Welcome aboard Wesley. Good luck.


----------



## prairiewolf

Welcome to the site ! +1 on what azpredator said.


----------



## Ruger

Welcome to the site! Check out a thread I started earlier this year (Homemade wooden fur stretchers). I received alot of good info. Good luck!


----------



## 220swift

Welcome to PT bobinaz! Here's the post Ruger reffered to:

http://www.predatortalk.com/topic/14006-homemade-wooden-fur-stretchers/


----------



## Ruger

Thanks 220, I knew somebody would know how to do that!


----------



## bobinaz

Thanks for the replies. Lots of good information on that thread. I am thinking about using cedar, or redwood because of their water repelling properties. Would this be a bad idea?
Thanks again for your help.

Wesley


----------



## azpredatorhunter

bobinaz said:


> Thanks for the replies. Lots of good information on that thread. I am thinking about using cedar, or redwood because of their water repelling properties. Would this be a bad idea?
> Thanks again for your help.
> 
> Wesley


 once you use them a few times the fat/oils from the pelt is going to repell water. Have you priced any wood? If I get more stretchers I am going to buy them just my .02 worth! Post some pics of them stretchers!


----------



## 220swift

the only problem with adjustable stretchers is a lot people over stretch the bottom and gives the finished fur a wedge shape that buyers do not like.


----------



## azpredatorhunter

220swift said:


> the only problem with adjustable stretchers is a lot people over stretch the bottom and gives the finished fur a wedge shape that buyers do not like.


+1 I just made some wood ones and today I looked at NAFA web site and they changed the sizes!


----------



## bones44

Welcome Wesley !! Hey azpredator. Do you use green or dried basswood ? I have tons of it here. Dam things are all down my driveway and rot from the bottom falling over and leaving lots of good wood.


----------



## azpredatorhunter

bones44 said:


> Welcome Wesley !! Hey azpredator.
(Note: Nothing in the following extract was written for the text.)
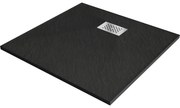 Mexen Hugo квадратен душов поддушник SMC 90 x 90 см, черен, иноксов капак - 42709090-X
Do you use green or dried basswood ? I have tons of it here. Dam things are all down my driveway and rot from the bottom falling over and leaving lots of good wood.


No. No basswood here! Basswood is great for carving... I just made them out of pine for now. Is it just me or did NAFA chang the size for Coyote/ Lynx cat boards?


----------



## azpredatorhunter

bobinaz, how are your boards comming along?


----------



## Ruger

I cut out 6 out of pine yesterday. I still need to put them thru the router table to round the edges and buy some 1/4" bolts and wing nuts and they should be good to go.


----------



## bobinaz

Thanks for your replies guys. I have not started the stretchers yet. I realize that it would almost be cheaper to just buy them, but I like to do things for myself. I think I will do a fixed stretcher because it will make a more uniform stretch. Thanks again for all the replies.

Wesley


----------



## azpredatorhunter

bobinaz said:


> Thanks for your replies guys. I have not started the stretchers yet. I realize that it would almost be cheaper to just buy them, but I like to do things for myself. I think I will do a fixed stretcher because it will make a more uniform stretch. Thanks again for all the replies.
> 
> Wesley


bobinaz, make a few from pine just to get the feel, I don't want to discourage you. Just trying to help. I had to start over on my boards seems they like to change the size once in awile. It can be a pain. Post some pics if you do make some.. I will here in a few...


----------



## azpredatorhunter




----------



## Ruger

Looking good azpredator! Gonna look a lot better with some fur on it!


----------